[Items listed in a dataset]
────────────────

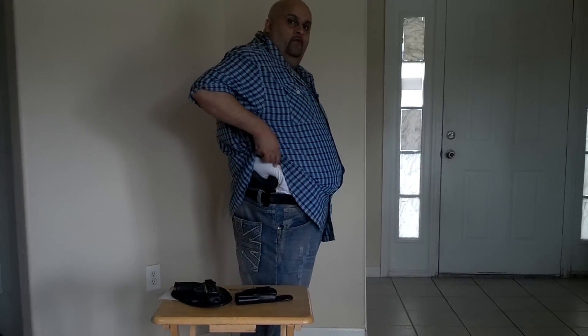Hey guys, this is the Big Fig coming to you with another video. This video is on inside the waistband carry for big guys or heavyset guys. As you guys know, being heavier makes it more awkward. A lot of guys say that you can't carry inside the waistband, but I'm going to show you how to do it.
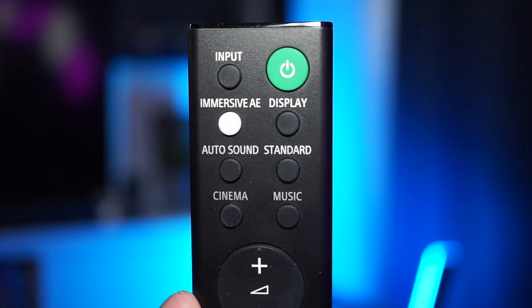We're gonna go through all the different sound modes — the soundbar has got modes like auto sound, standard sound, cinema sound, and music. We're gonna activate immersive audio enhancement because that is simply going to make the soundbar perform at its maximum potential as a surround soundbar. These recordings are made with a binaural microphone set about 1.5 meters away from the soundbar and at ear level when sitting down on a couch, so it's gonna mimic quite closely your experience of sitting down on your couch watching a movie or playing video games. I recommend using headphones to listen to these recordings for the best experience and accuracy.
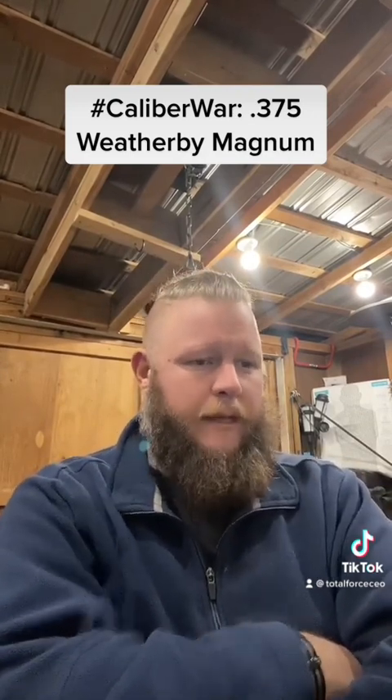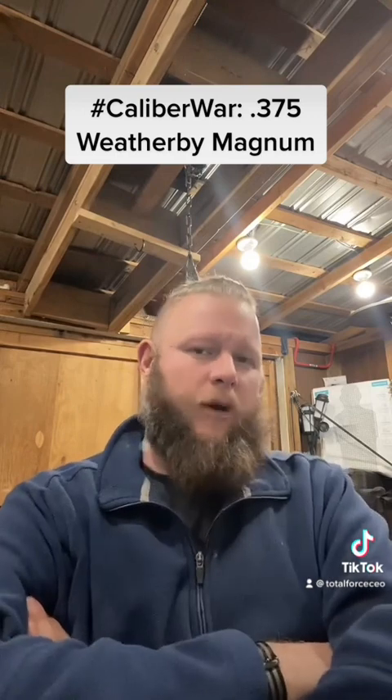What this is — a lot of y'all, if you're big-time gun people, you're familiar with the Ackley improvements. This is the Weatherby improvements to a cartridge. Think of this as Weatherby's version of an Ackley improvement to the .375 Holland & Holland. You've already got the belted case, but this gives you the double-radius shoulder that Weatherby is known for, and the cartridge is blown out. This is basically a Weatherby version of a souped-up .375 Holland & Holland.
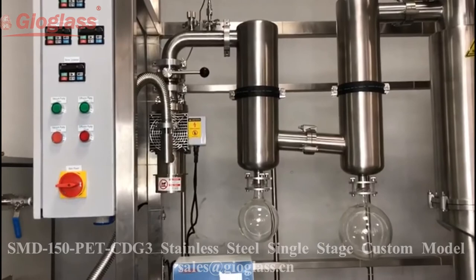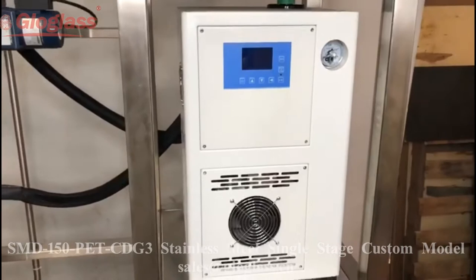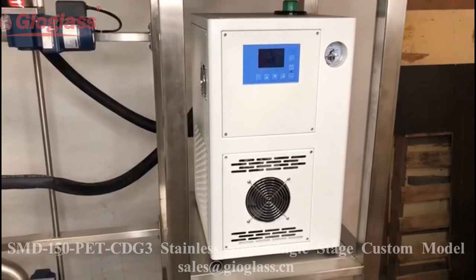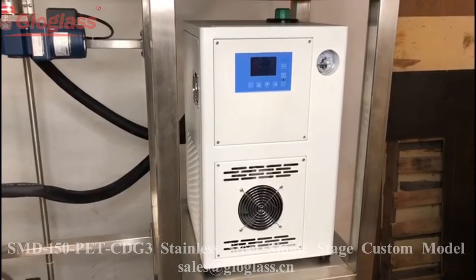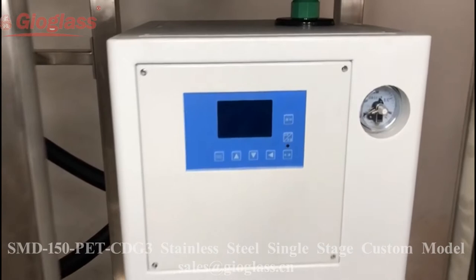C is for the cloth-type high-temperature main heater. This heater has no smell and no smoke when used in our lab, and it can raise the temperature very fast.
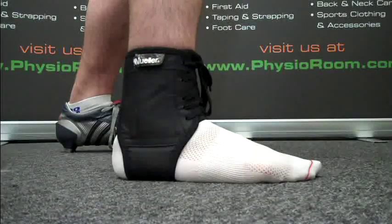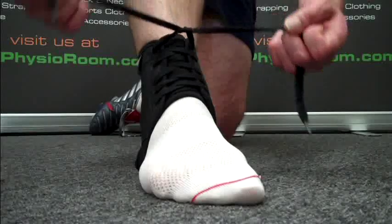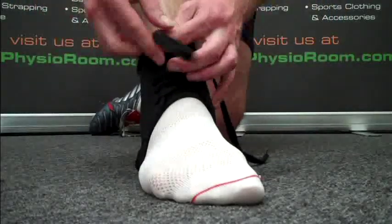The ankle brace should be worn over a sock. It is pulled onto the foot and laced up to give improved stability during sport.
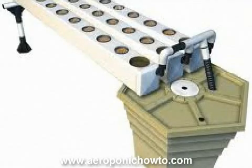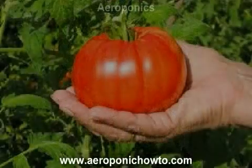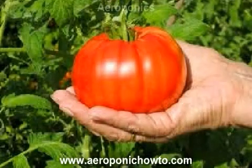By contrast, aeroponic tomatoes can be grown inside. More specifically, these types of tomatoes can be grown within an aeroponic garden. When we talk about aeroponic tomatoes in particular, or an aeroponic garden in general, we are basically describing a process through which the tomatoes can be grown in water.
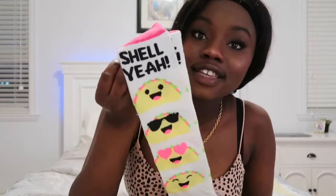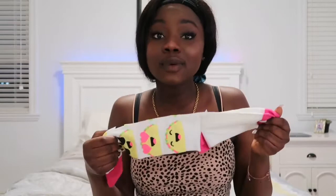The first thing we have are these really cute socks. They say 'shell' on them. I love collecting socks when I just want to lay at home and chill. Because I live in Canada, y'all — it's cold! So these socks are super cute, super funky. I really like them. Thank you!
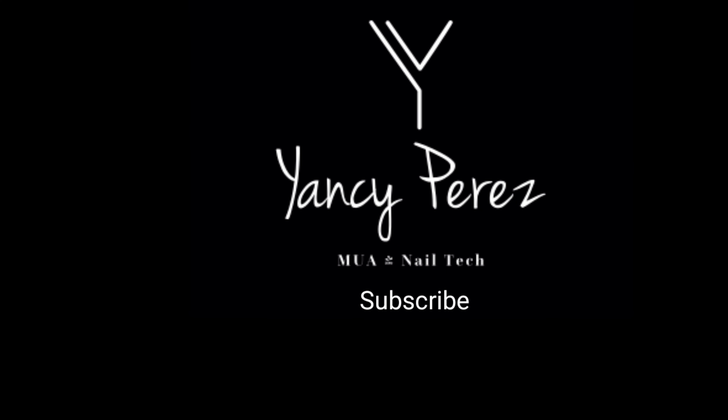I'm going to put in the description box below everything that I used. If you like this video, please give it a thumbs up. If you haven't subscribed to my channel, please do so — I really appreciate it. And if you want to get notified every time I upload a video, press that notification bell. I will see you in the next one. Bye!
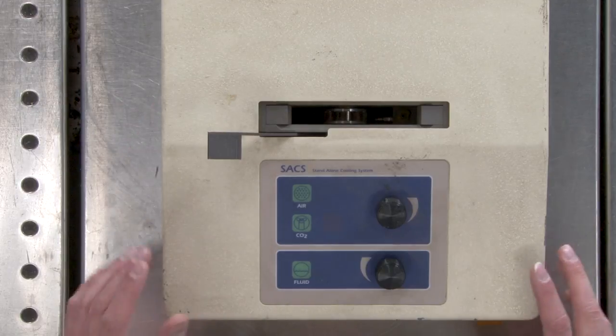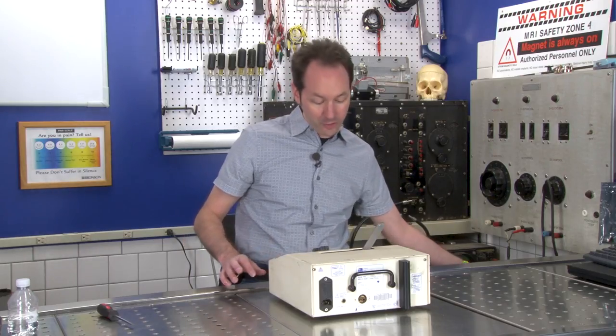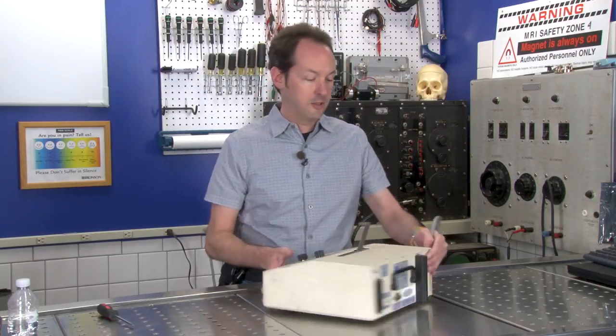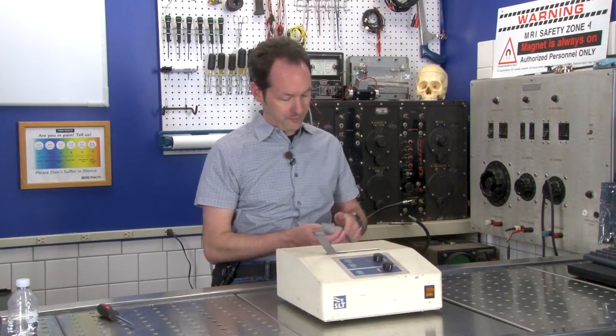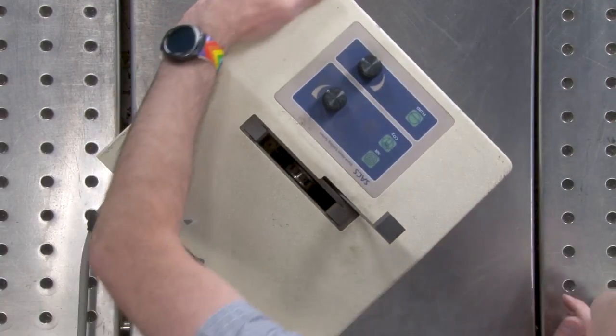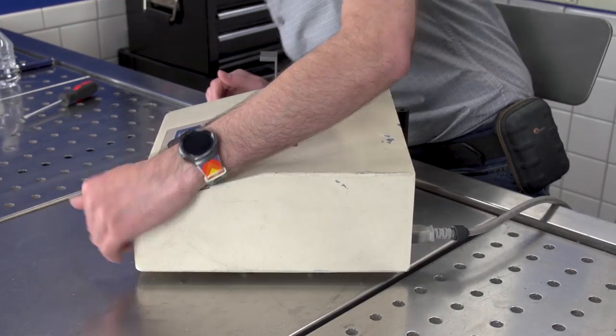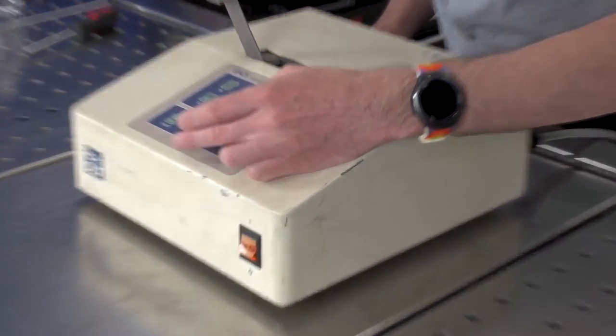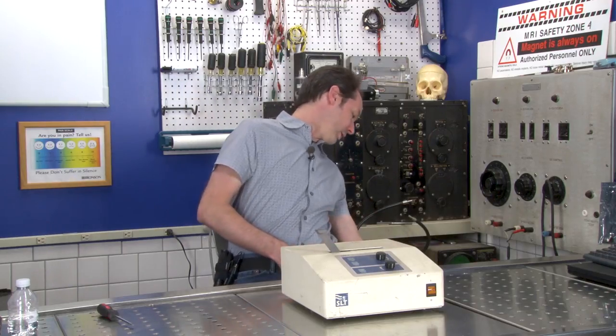Before we really tear into it, it probably still works, so I'm going to grab my plug and fire it up. Let's see what happens. Nothing lights up, nothing moves. So it doesn't work.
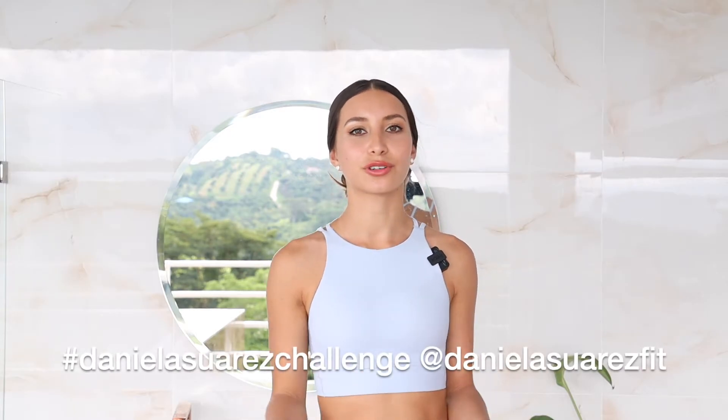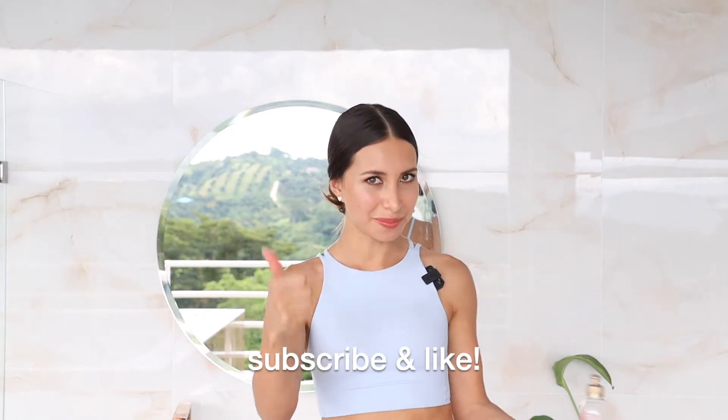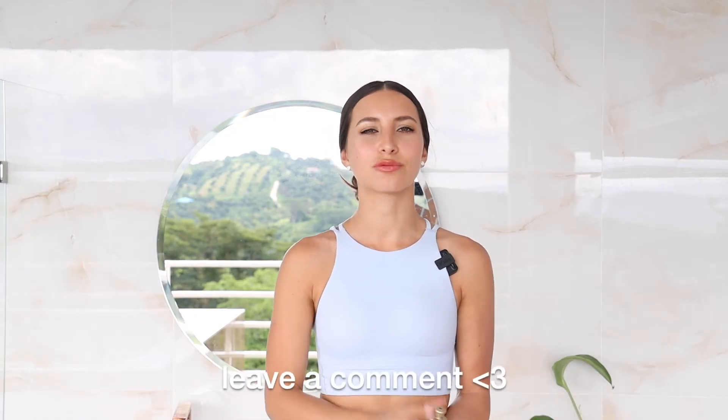Ideally you want to do this daily — either at night for your night routine or in the morning to reduce puffiness. If you do like this video, don't forget to give it a thumbs up, subscribe to my channel, and let me know what you think in the comments below. It really helps my channel.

────────────────

• _TASK ITEM_:
Please reproduce every record exactly as written, excluding the pictures.

• _ANSWER BOX_:
Hey guys, this is the Big Fig coming to you with another video. This video is on inside the waistband carry for big guys or heavyset guys. As you guys know, being heavier makes it more awkward. A lot of guys say that you can't carry inside the waistband, but I'm going to show you how to do it.
We're gonna go through all the different sound modes — the soundbar has got modes like auto sound, standard sound, cinema sound, and music. We're gonna activate immersive audio enhancement because that is simply going to make the soundbar perform at its maximum potential as a surround soundbar. These recordings are made with a binaural microphone set about 1.5 meters away from the soundbar and at ear level when sitting down on a couch, so it's gonna mimic quite closely your experience of sitting down on your couch watching a movie or playing video games. I recommend using headphones to listen to these recordings for the best experience and accuracy.
What this is — a lot of y'all, if you're big-time gun people, you're familiar with the Ackley improvements. This is the Weatherby improvements to a cartridge. Think of this as Weatherby's version of an Ackley improvement to the .375 Holland & Holland. You've already got the belted case, but this gives you the double-radius shoulder that Weatherby is known for, and the cartridge is blown out. This is basically a Weatherby version of a souped-up .375 Holland & Holland.
C is for the cloth-type high-temperature main heater. This heater has no smell and no smoke when used in our lab, and it can raise the temperature very fast.
The ankle brace should be worn over a sock. It is pulled onto the foot and laced up to give improved stability during sport.
By contrast, aeroponic tomatoes can be grown inside. More specifically, these types of tomatoes can be grown within an aeroponic garden. When we talk about aeroponic tomatoes in particular, or an aeroponic garden in general, we are basically describing a process through which the tomatoes can be grown in water.
The first thing we have are these really cute socks. They say 'shell' on them. I love collecting socks when I just want to lay at home and chill. Because I live in Canada, y'all — it's cold! So these socks are super cute, super funky. I really like them. Thank you!
I'm going to put in the description box below everything that I used. If you like this video, please give it a thumbs up. If you haven't subscribed to my channel, please do so — I really appreciate it. And if you want to get notified every time I upload a video, press that notification bell. I will see you in the next one. Bye!
Before we really tear into it, it probably still works, so I'm going to grab my plug and fire it up. Let's see what happens. Nothing lights up, nothing moves. So it doesn't work.
Ideally you want to do this daily — either at night for your night routine or in the morning to reduce puffiness. If you do like this video, don't forget to give it a thumbs up, subscribe to my channel, and let me know what you think in the comments below. It really helps my channel.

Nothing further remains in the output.